Human Rights on the Hill
Congress makes laws that pertain to the civil rights, fair pay, labor practices and safety of American workers. The laws apply to all employers--except Congress. Sen. Patrick J. Leahy (D-Vt.), knowing that the odds are against him, wants to change that double standard. He has once again introduced the Fair Employment in Congress Act. It simply eliminates the congressional exemption from a variety of laws Congress has passed, and Leahy hopes it will at least be debated this year.
Congress needs to take this step not only to give the people who work on Capitol Hill the same protections afforded other workers but also to try to restore confidence in the legislative branch of government. “This double standard is a plain injustice to those who make our work possible,” Leahy says. “It is an embarrassment to us all.”
It should be a particular embarrassment to those who voted last month to override President Reagan’s veto of major civil-rights legislation. Those senators and representatives should stand with Leahy to remove the exemptions from the Civil Rights Act of 1964 and the Equal Employment Opportunity Act of 1972. Congress has also left itself out of the Civil Service Reform Act, the Occupational Safety and Health Act, the Fair Labor Standards Act, the Age Discrimination in Employment Act and the Equal Pay Act.
For example, Leahy points out, if his bill were passed, workers who fold all those letters that members send to constituents could then get the overtime pay they deserve; women who do not always receive equal pay for equal work would have standing to take legal action.
Members of Congress argue that they have a unique relationship with their staffs and should be unfettered in the process of selecting confidential advisers. But one can select a secretary, legislative assistant or committee staff member without indulging in discrimination. Even if few members of Congress overtly discriminate, the appearance that they may be doing so will remain unless the law is changed.
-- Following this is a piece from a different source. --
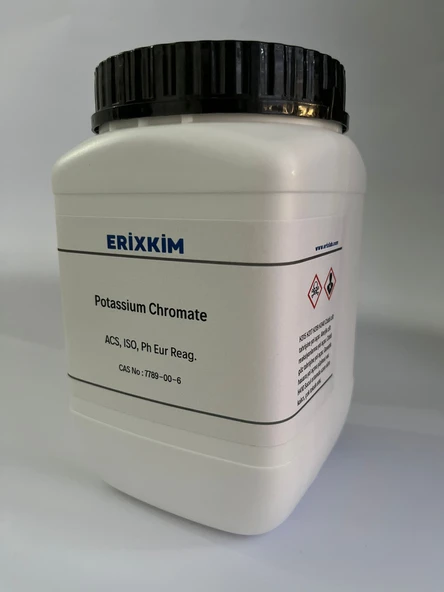 Labbakkal Potasyum Kromat  Potassium Chromate Powder 1 KG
Leahy acknowledges that the special nature of the legislative process may require some changes in his bill, but he wants to get Congress on the road to protecting Capitol Hill workers.
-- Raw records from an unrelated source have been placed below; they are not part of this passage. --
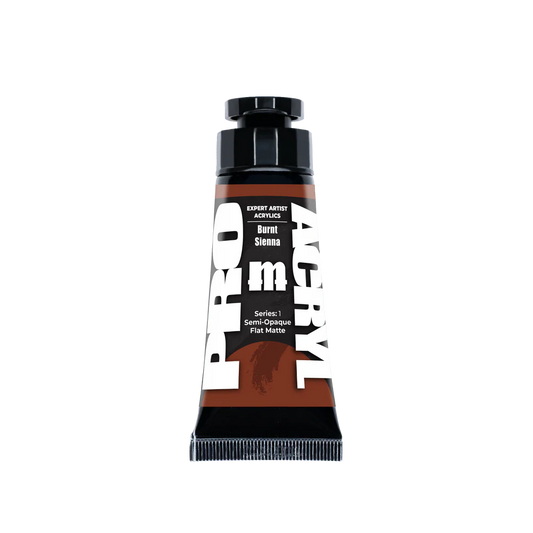 Paints Singles:Tube Expert Acrylics 010 - Burnt Sienna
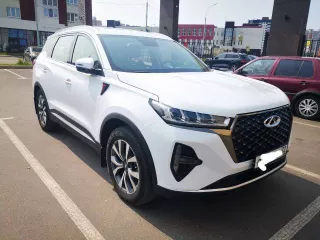 CHERY TIGGO 7 PRO MAX, VIN: LVVDB21B8PD775775, 2023 год, белый, кузов: LVVDB21B8PD775775, ГРН: О022НТ32, ЭПТС: 164302068938271. Транспортное средство в залоге у АО «ТБанк».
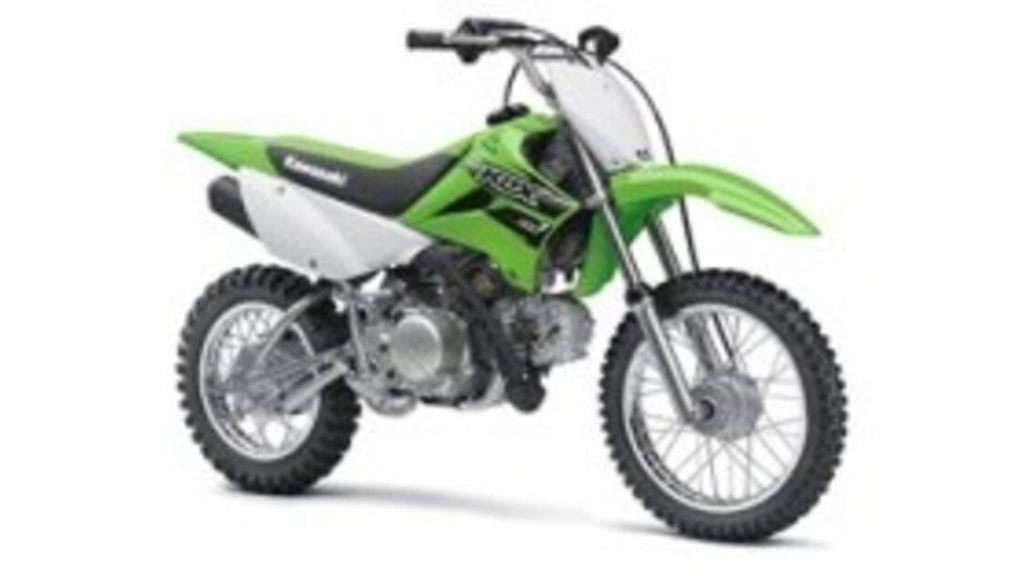 2016 Kawasaki KLX 110 - 2016 كاواساكي KLX 110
But it’s a road not many in Congress seem anxious to travel. Leahy, who first introduced this bill 10 years ago, recalls the stirring speech he gave then. As he finished, a senior member approached him and asked him where he was going. “I said I was hurrying to catch a plane to Vermont, and he said, ‘Good. Stay there.’ ” Attitudes have changed in Congress since then but probably not enough. Leahy should keep trying.